From b4f68683b95601bbcbaf6aaa27e421a0bf2af186 Mon Sep 17 00:00:00 2001
From: Mako Bates <33739499+ShapeOfMatter@users.noreply.github.com>
Date: Thu, 5 Oct 2023 12:25:40 -0400
Subject: [PATCH] fill in the FMD paper summary

---
 ...2022-10-21-fuzzy-message-detection-Beck.md | 71 +++++++++++++++++++
 1 file changed, 71 insertions(+)
diff --git a/_papers/2022-10-21-fuzzy-message-detection-Beck.md b/_papers/2022-10-21-fuzzy-message-detection-Beck.md
index 365e085..1a59f24 100644
--- a/_papers/2022-10-21-fuzzy-message-detection-Beck.md
+++ b/_papers/2022-10-21-fuzzy-message-detection-Beck.md
@@ -15,4 +15,75 @@ citation:
 ---
 
 
+Some background is needed to motivate this (excellent!) paper.
+End-to-end encryption is pretty normal now for anyone who wants it.
+(Use [Signal](https://www.signal.org/)!

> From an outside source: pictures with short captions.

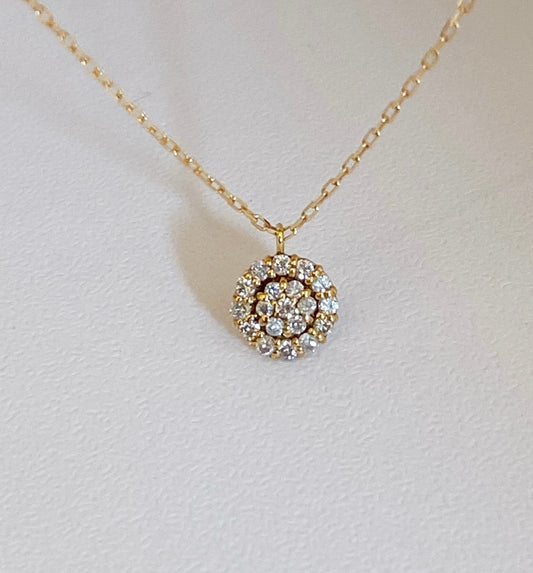 K18イエローゴールド ダイヤモンド0.16ctネックレス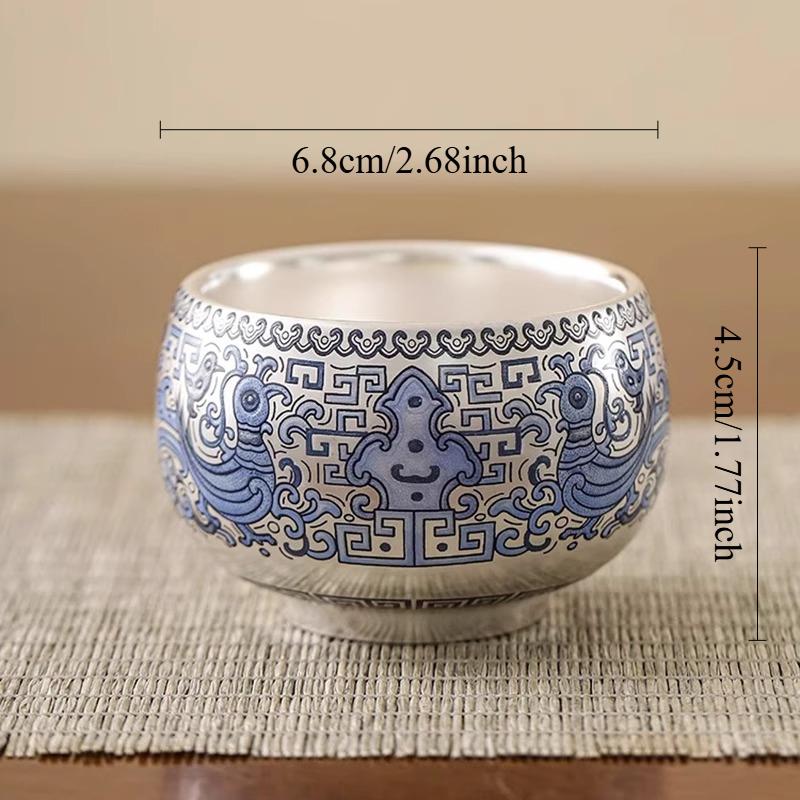 

1pcs Silver Plated Blue and White Arhat Cup Teapot Large Master s Cup High End Ceramic Tea Cup Kung Fu Tea Set Tea Maker 70ml
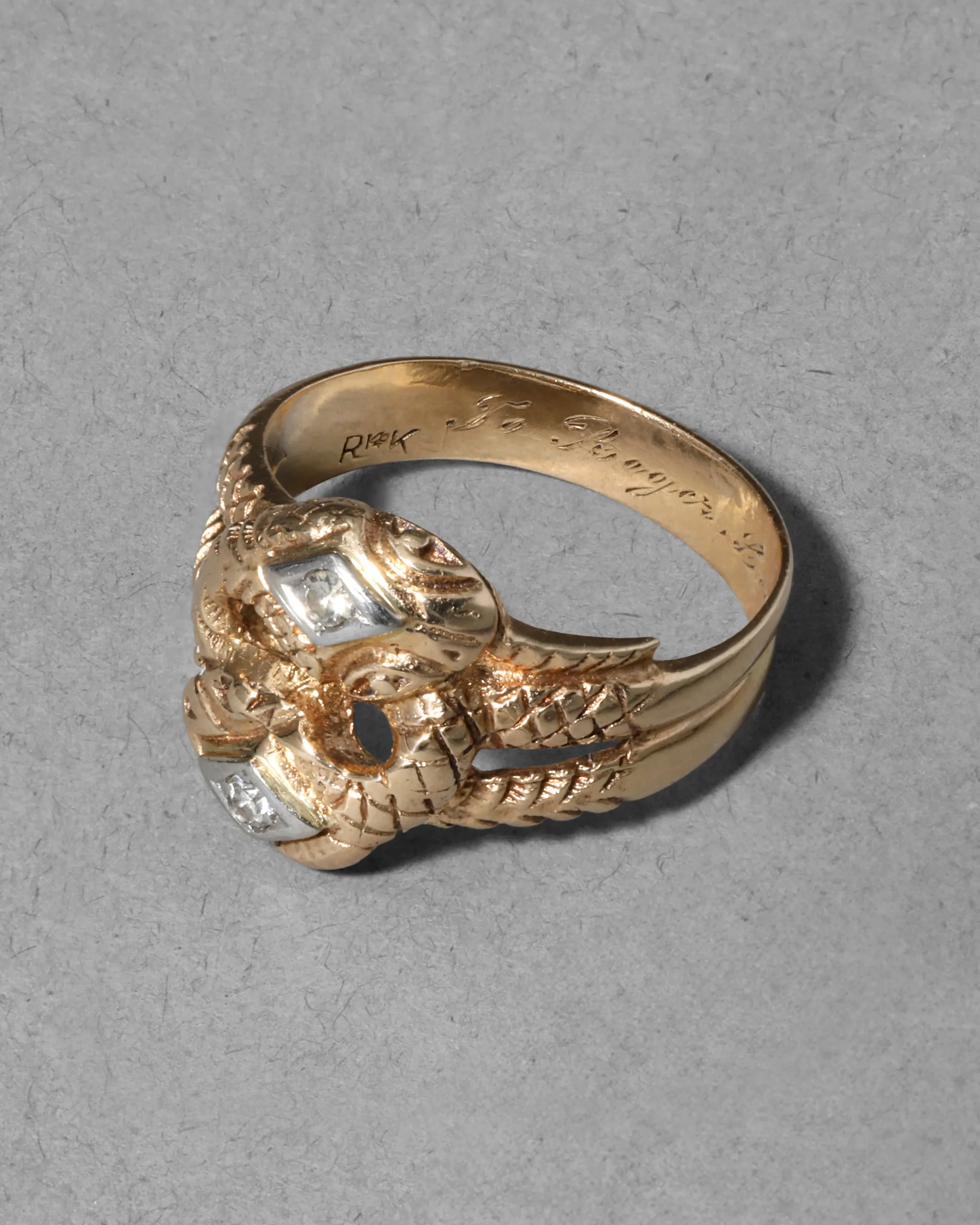 Antique 1800s 14k Yellow & White Gold with Diamond Double Snake Ring
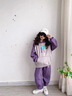 G.DUCKKIDS女童春秋裝套裝2024新款中大童女孩童裝兒童衛衣運動(dòng)服秋冬兩件套 字母R連帽套裝-紫色 140cm 曬單實(shí)拍圖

It's a great message app regardless if you need the security promises.)
+However, there are many things a centralized messaging system could do if corrupted, without breaking E2E encryption:
 
+- They observe who is talking to who, and when.
+  This lets them build a fine-grained social graph,
+  and with even minimal external knowledge (_e.g._ during a police investigation)
+  they can make good guesses about the subjects of the messages.
+- They can censor individuals by black-hole-ing outbound messages from them.
+- They can censor at other granularities, particularly in combination with the first point.
+  To give a more clear example, suppose [jMesser](#a fake company "They're not real.")
+  wanted to minimize negative press from upcoming changes to their privacy policy.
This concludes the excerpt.